[Listed entries]:

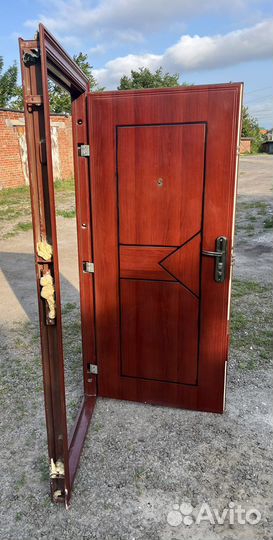 Дверь входная металлическая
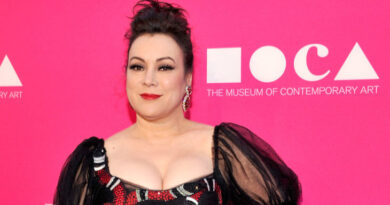 Jennifer Tilly Net Worth 2022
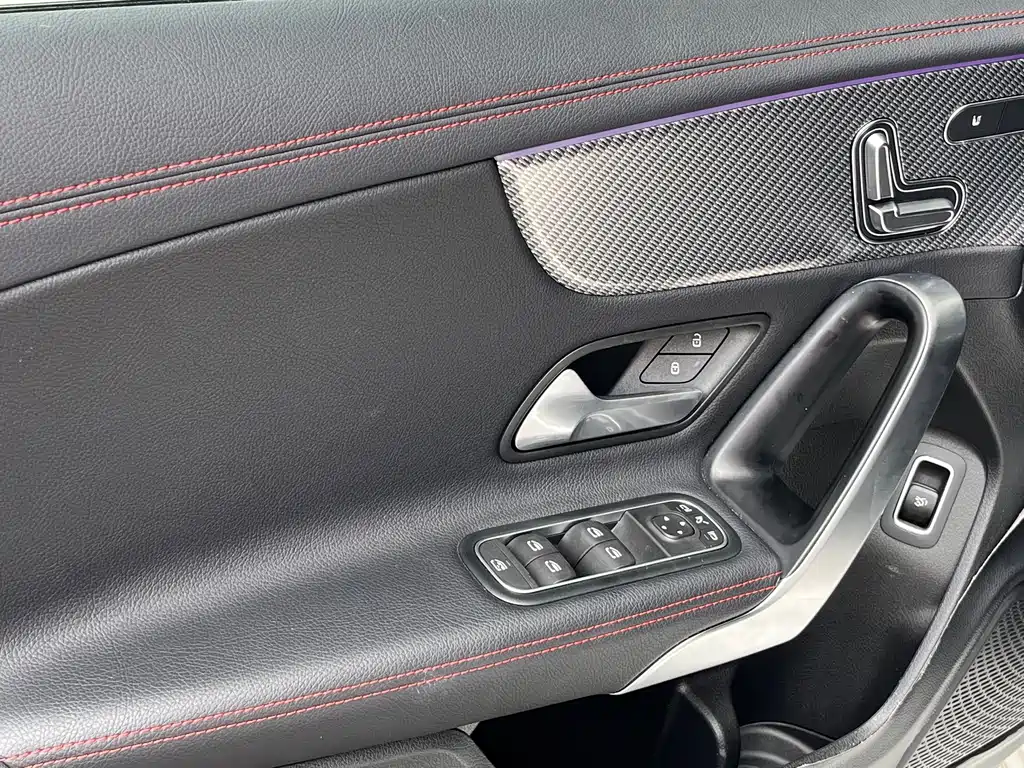 Mercedes-Benz A-Class 2024 — фото 9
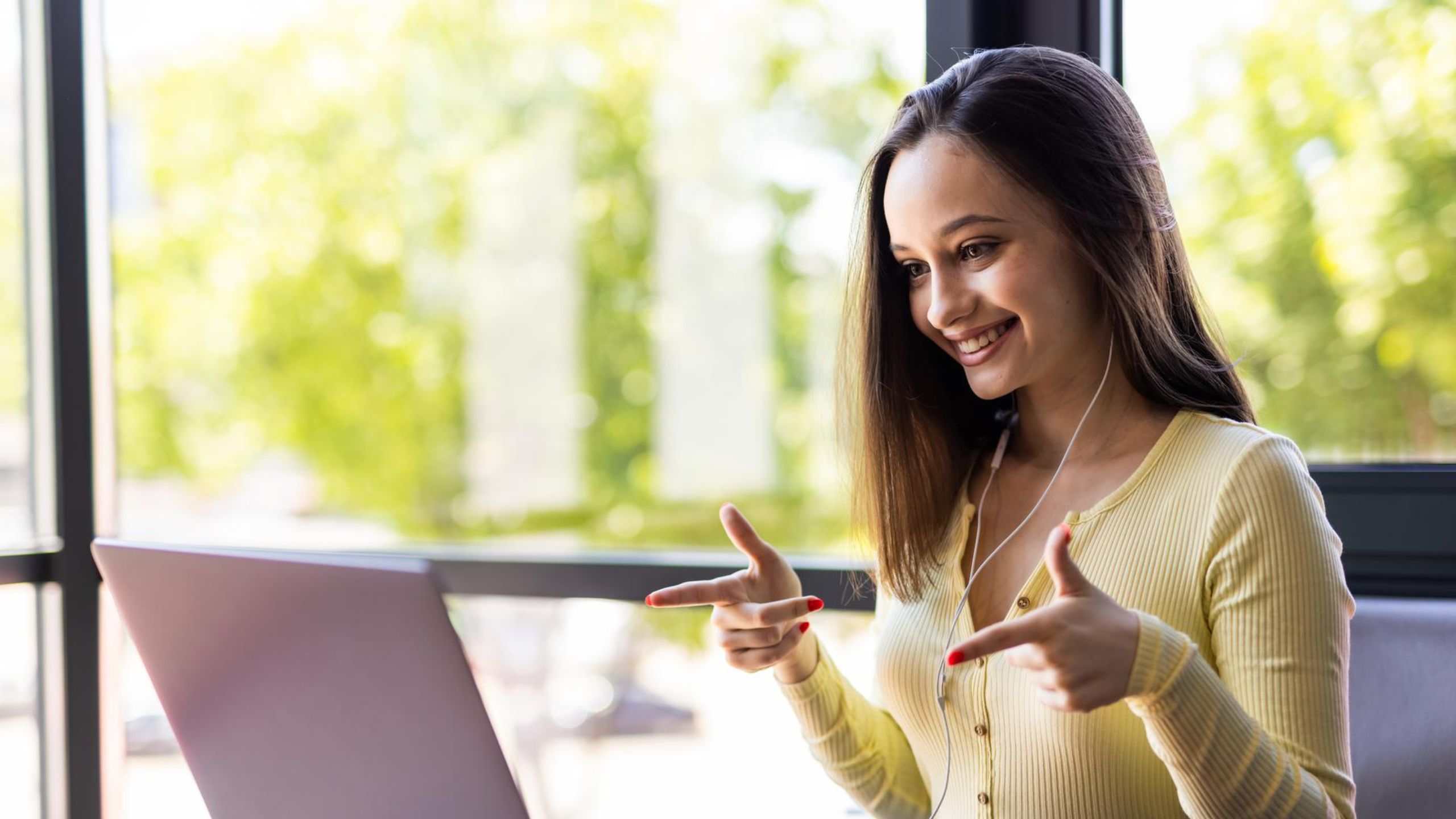 Safe Newborn Handling: How Newborn Photography Supports Infant Comfort During Sessions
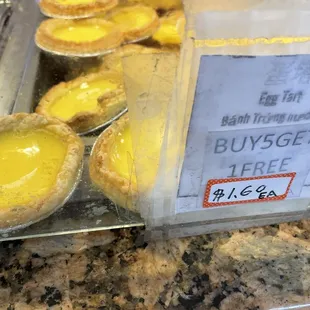 On tot (egg tarts)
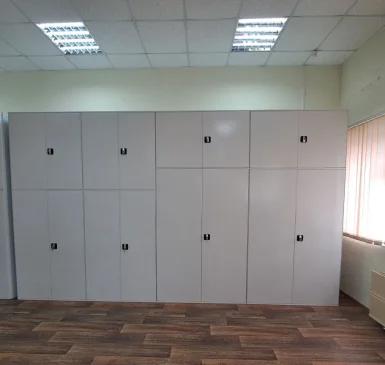 Металлические шкафы для хранения одежды и разноформатных экспонатов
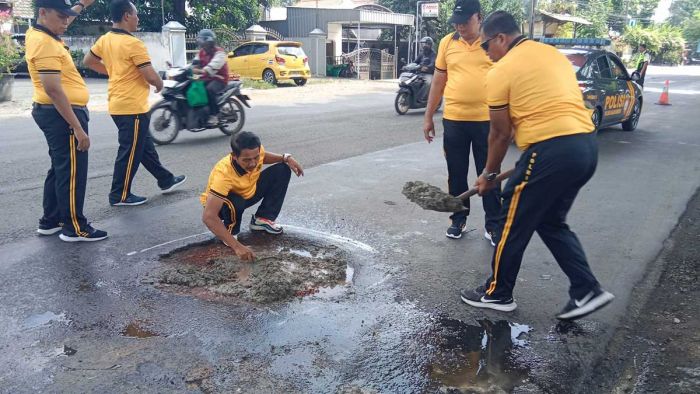 Polsek Balongbendo Tambal Jalan Berlubang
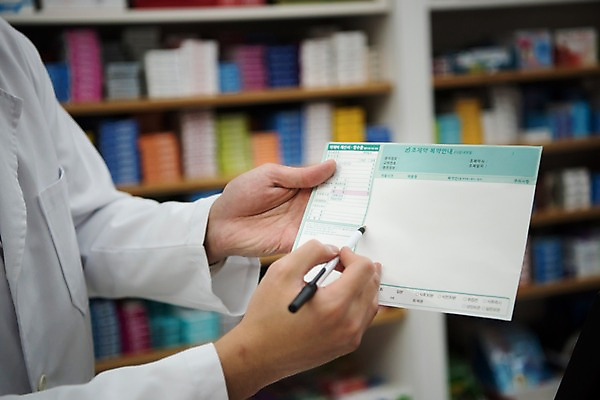 포토 JPG 직업 남자 친절 안내 실내 설명 한명 사람 상반신 20대 성인 옆모습 펜 한국인 약국 조제 약봉투 약사 성인남자한명만 국내포토 1 뷰포인트 의학 모션 봉투 동양인 청년 내부 필기구 약 만들기 남자한명만 성인남자만 파일형식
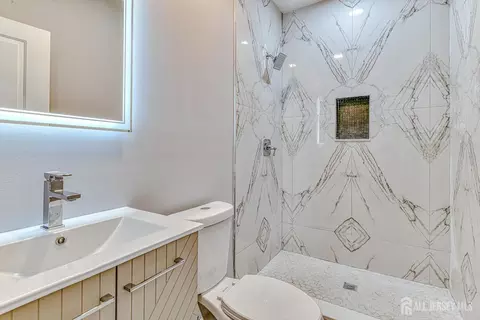 31 Ashley Rd, Edison, NJ 08817 photo 24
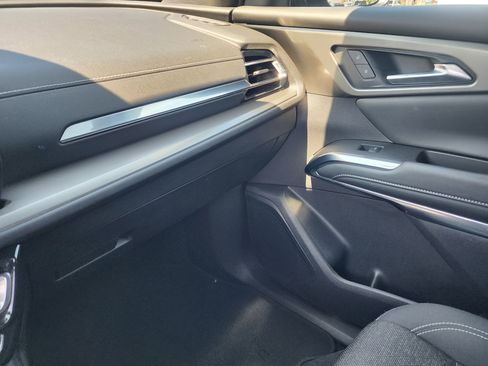 Used 2025 Chevrolet Traverse LT image 37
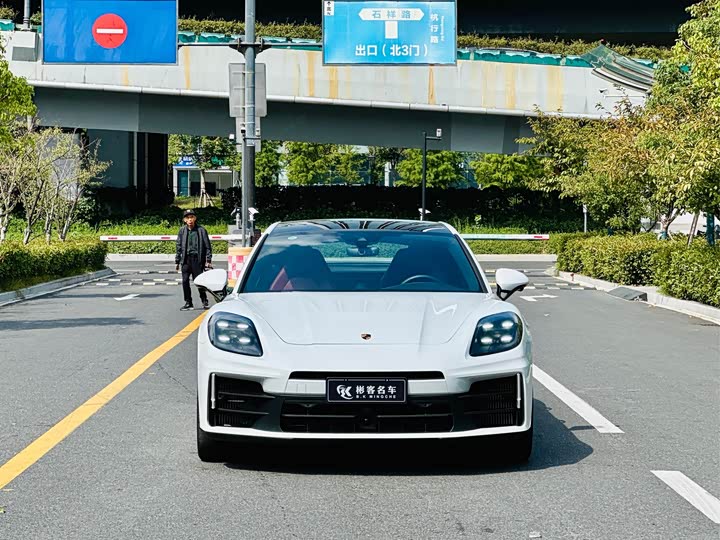 Фото 2 - Porsche Panamera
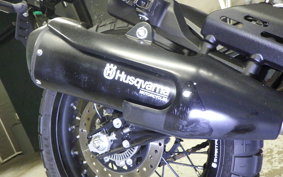 HUSQVARNA SVARTPILEN 125 2020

[Task prompt]: Exactly the lines from the one containing "Фото 2 - Porsche Panamera" to the end of the records above, both end lines included, are to be printed, and no pictures with them.

[Output of the exercise]:
 Фото 2 - Porsche Panamera
 HUSQVARNA SVARTPILEN 125 2020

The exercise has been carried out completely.